(What the task requires): Please set down only the lines below starting with the line with "Kaws Black Glass Wall Art" and going on through the line with "Princess Bed Canopy", verbatim and without pictures.

(Dataset entries):
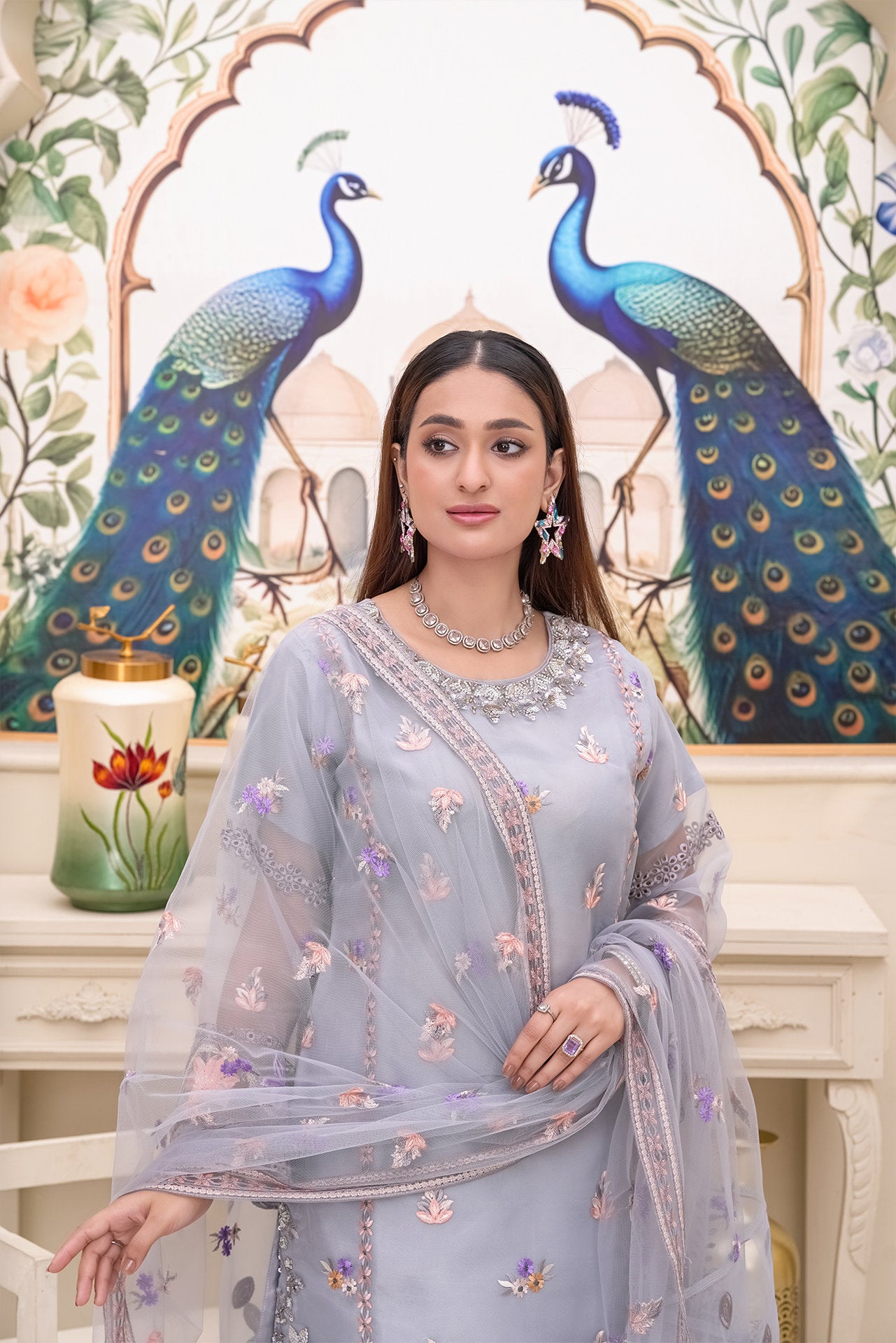 2234 – Grey 4 Piece Embellished  Kurta Suit Set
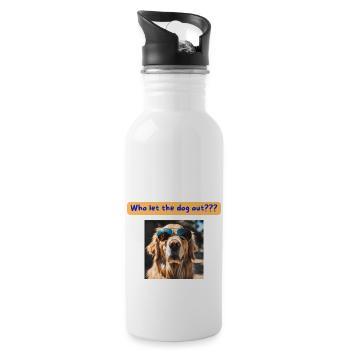 Labrador, Who let the dog out - Water bottle with straw - white - Right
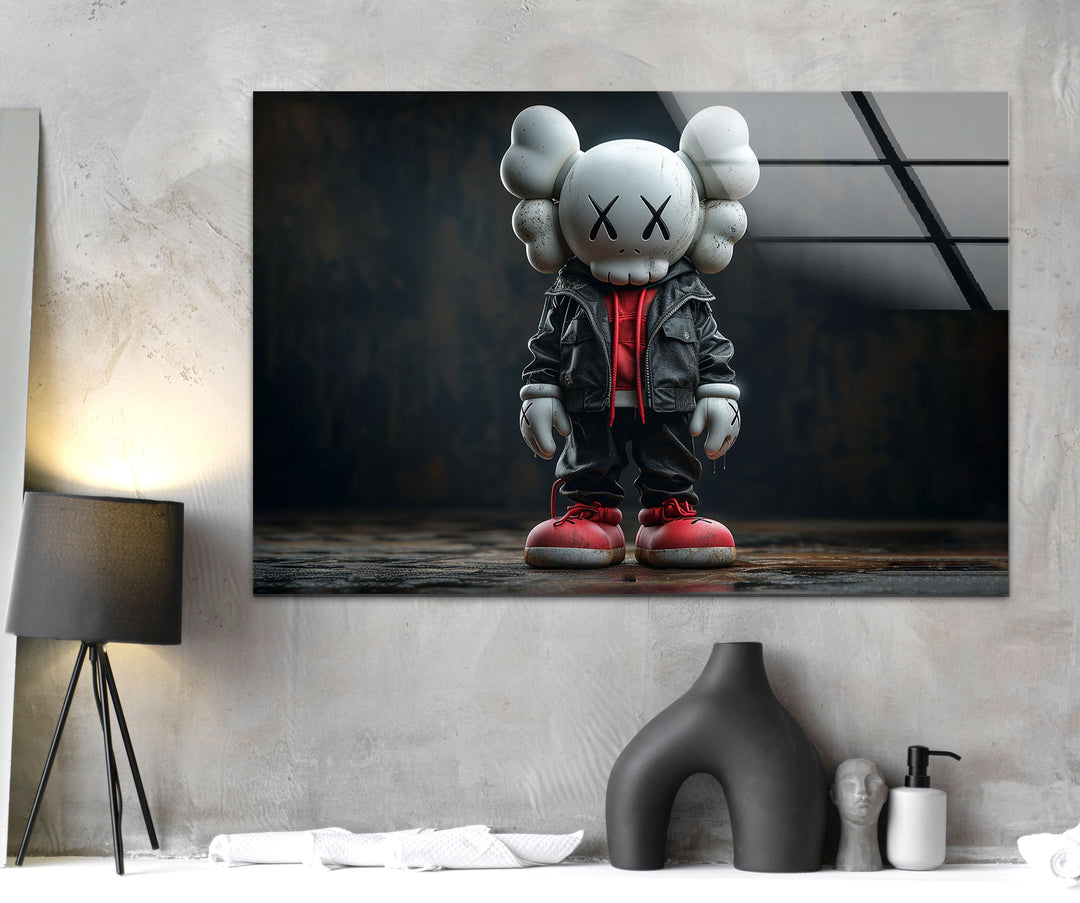 Kaws Black Glass Wall Art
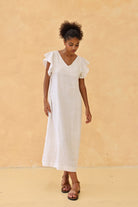 White flutter sleeve linen dress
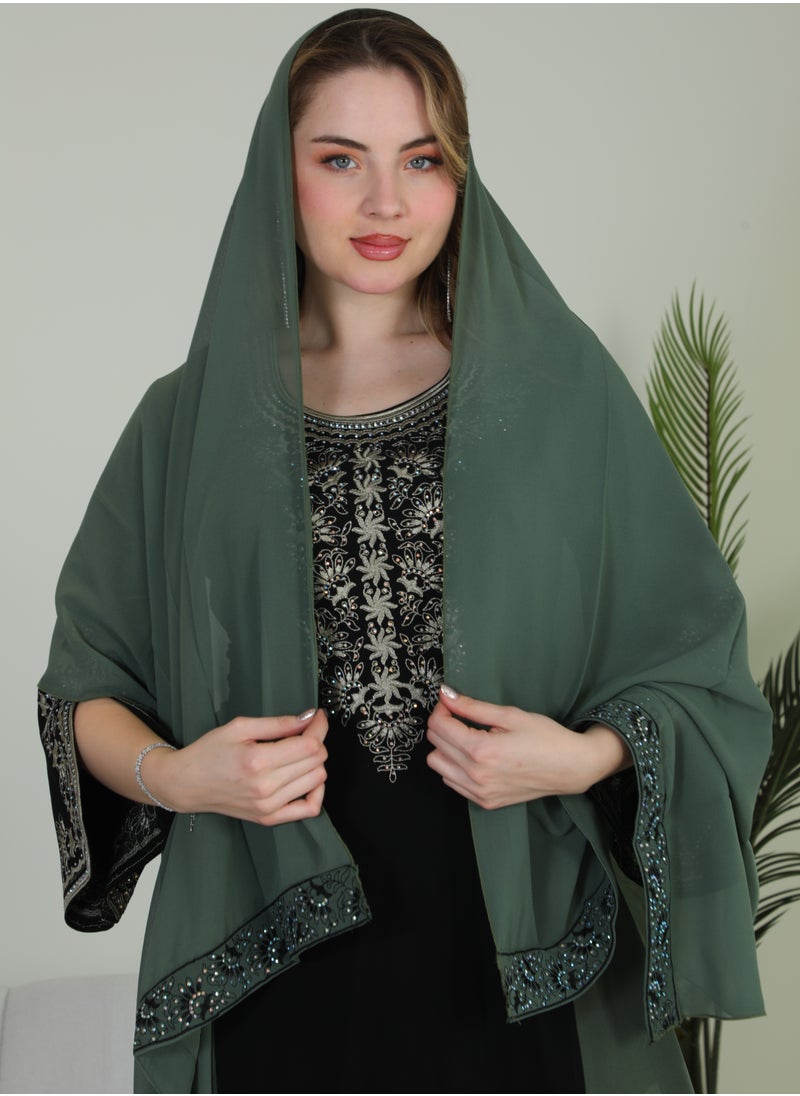 Bint Al Bilad Bint Al Bilad Women's Summer Long Luxury Jalabiya | Full-Length Kaftan Dress for Ramadan, Eid Ul Fitr, Wedding, Special Occasions | Embroidered Saudi Abaya | Modest Islamic Clothing  - Image 4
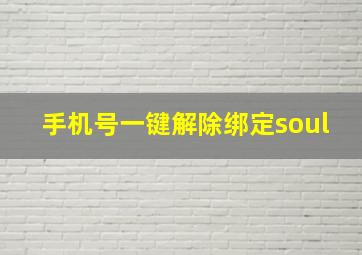 手机号一键解除绑定soul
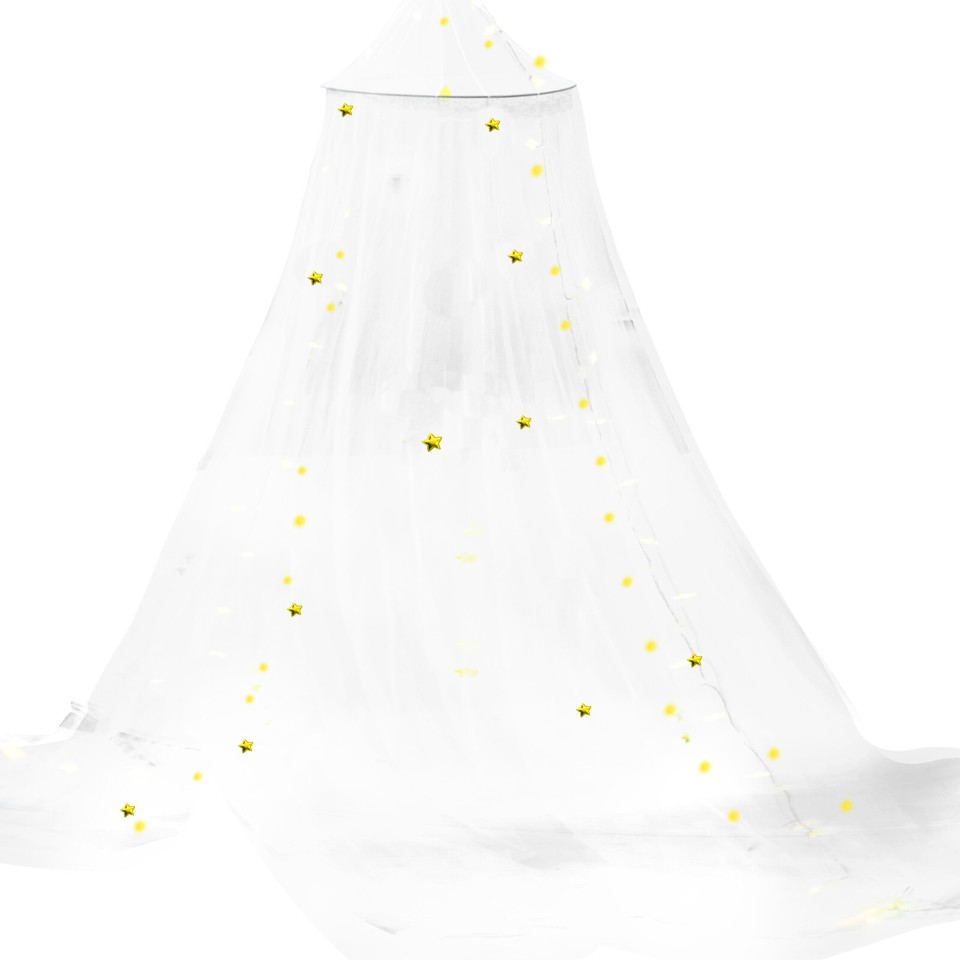 Princess Bed Canopy with Lights for Kids Round Dome Bed Curtain Canopy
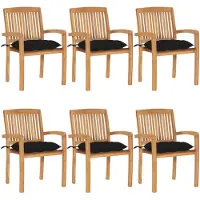 vidaXL Stapelbare Gartenstühle mit Kissen 6 Stk. Massivholz Teak
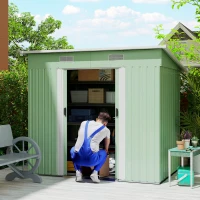 Outsunny Magazie de unelte din metal 2,3 m² 207 x 130 x 182 cm - Magazin pentru unelte cu acoperiș în pantă, fereastră, cadru de sol, verde(m-2)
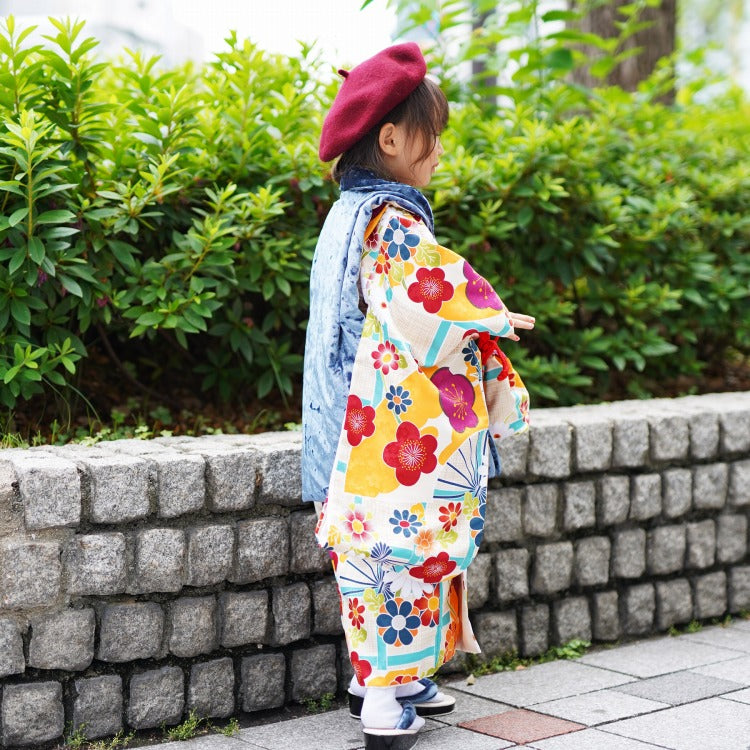 【レンタル】七五三 3歳 着物 ひよこ商店 女の子 被布セット 子供 kids 三つ身 お祝い着 往復送料無料 （1403603900）※2024年11月予約空き無し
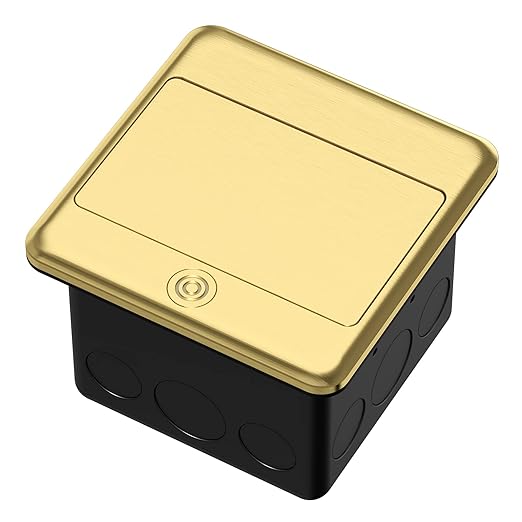 KYHSHJ Pop Up Floor Electrical Outlet Box Kit，20 Amp Stainless Steel TR Tamper-Resistant Duplex Receptacle Outlet，Corrosive Resistant Hardware，ETL Listed, Brass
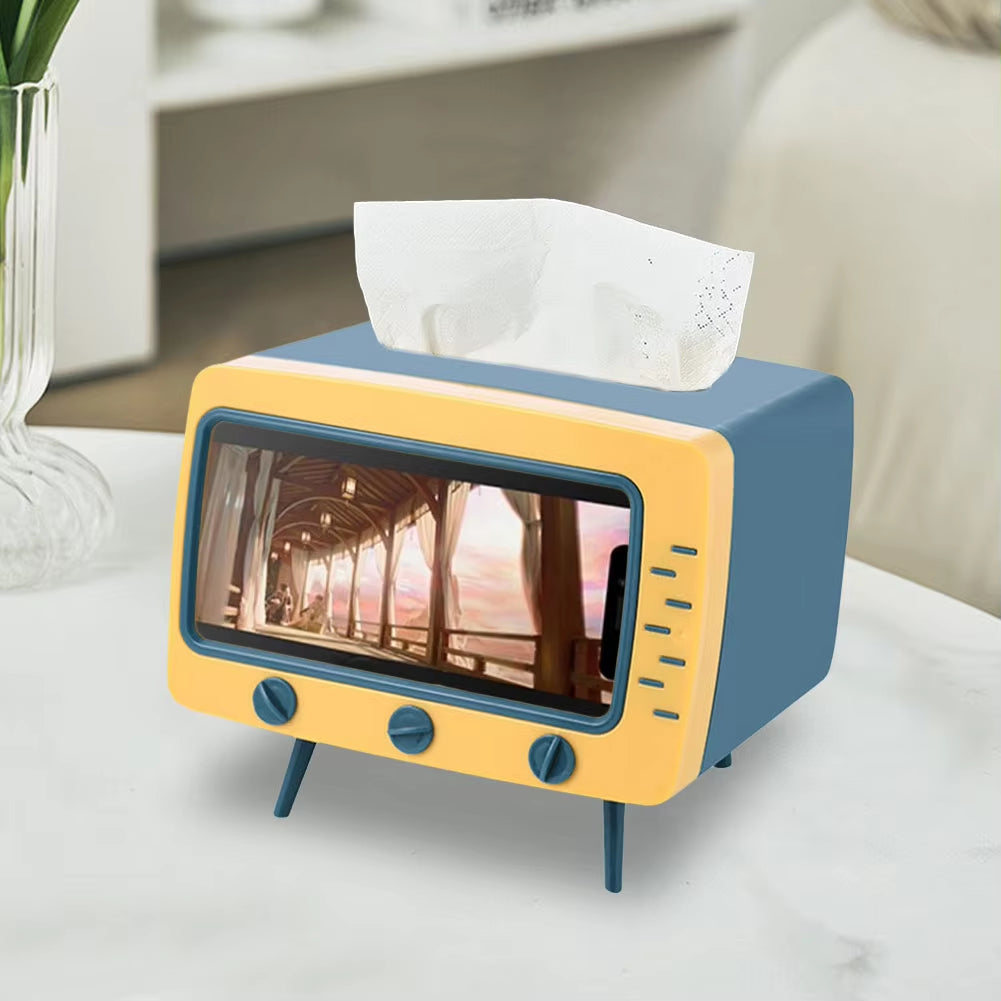 Kawaii Cartoon TV Tissue Box & Phone Holder - Cute Desktop Decor for Home and Office!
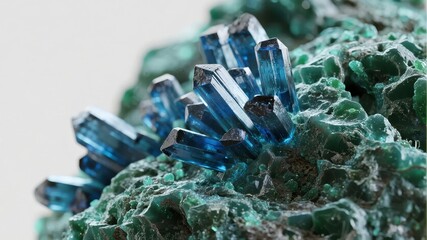 Blue quartz crystals growing on a green mineral matrix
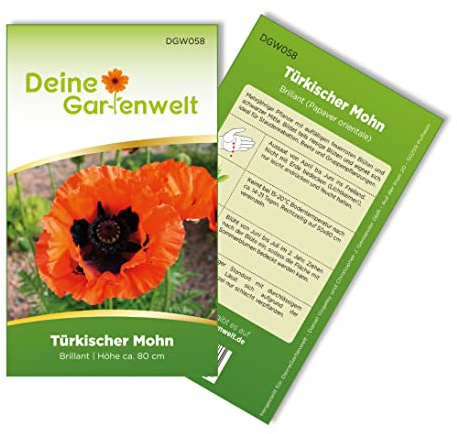 Türkischer Mohn Brillant Samen - Papaver orientale -Mohnsamen - Blumensamen - Saatgut für 80 Pflanzen – 5er Pack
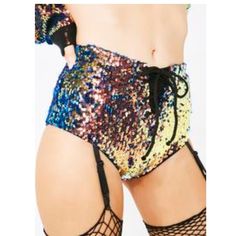 Sparkly Bottom/ Shorts Cute Rave Bottom J Valentine, The Misfits, Rave Fashion, Sequin Crop Top, Shorts Cute, Rave Festival, Sequin Shorts, Lace Up Booties, Mini Shorts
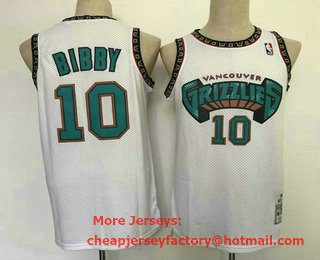 Men's Memphis Grizzlies #10 Mike Bibby Hardwood Classics White 1998-99 Throwback Swingman Jersey
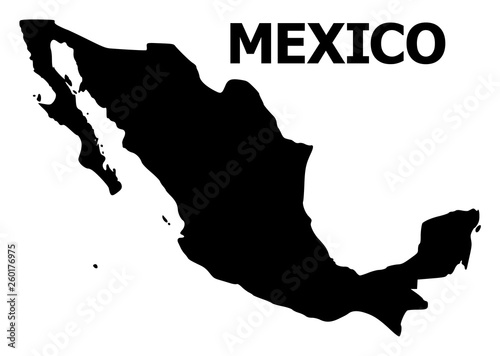 Vector Flat Map of Mexico with Name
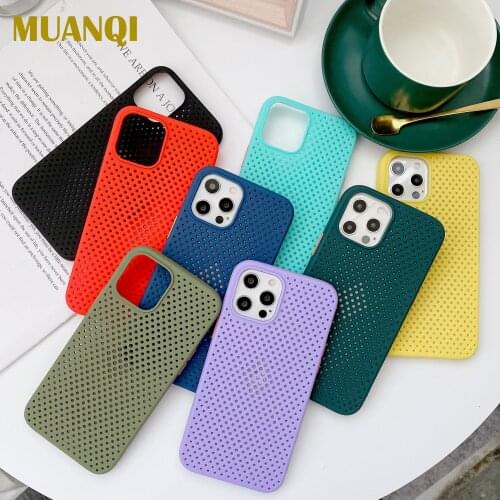 Soft TPU Plain Color Case For iPhone 12 11 11Pro Max XR XS Max X 8 7 6S Plus SE 2 11Pro Heat Dissipation Breathable Cooling Case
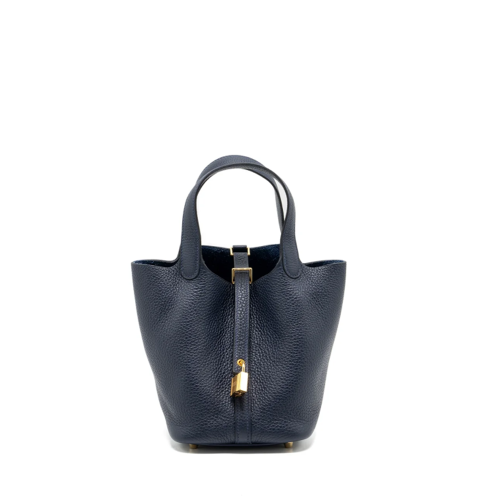 Hermes Picotin 18 Clemence Bleu Nuit Gold
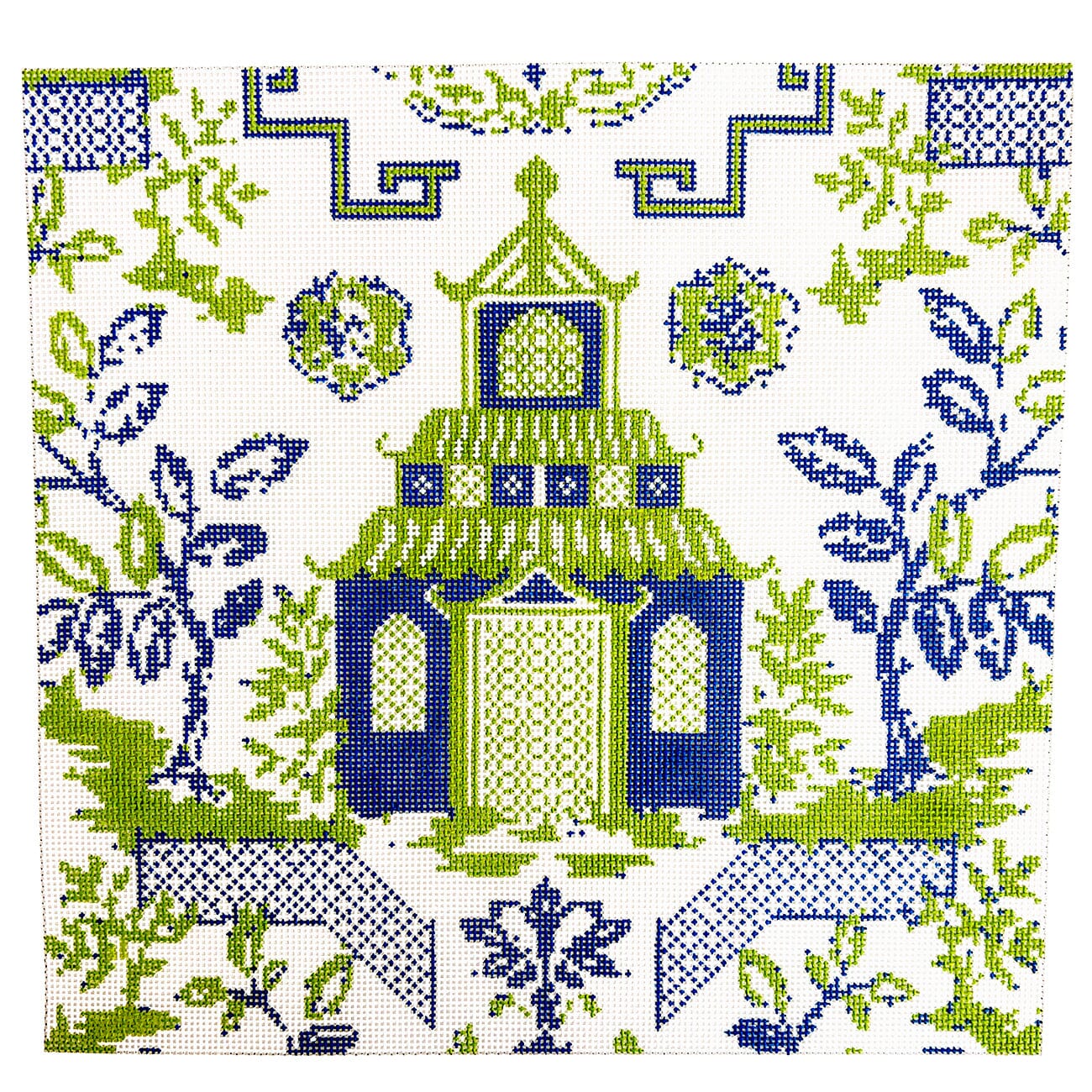 Pagoda Blue & Green 12x12 Painted Canvas Blue Waters Needlepoint  - 1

(Answer box):
 Kaws Black Glass Wall Art
 White flutter sleeve linen dress
 Bint Al Bilad Bint Al Bilad Women's Summer Long Luxury Jalabiya | Full-Length Kaftan Dress for Ramadan, Eid Ul Fitr, Wedding, Special Occasions | Embroidered Saudi Abaya | Modest Islamic Clothing  - Image 4
 手机号一键解除绑定soul
 Princess Bed Canopy with Lights for Kids Round Dome Bed Curtain Canopy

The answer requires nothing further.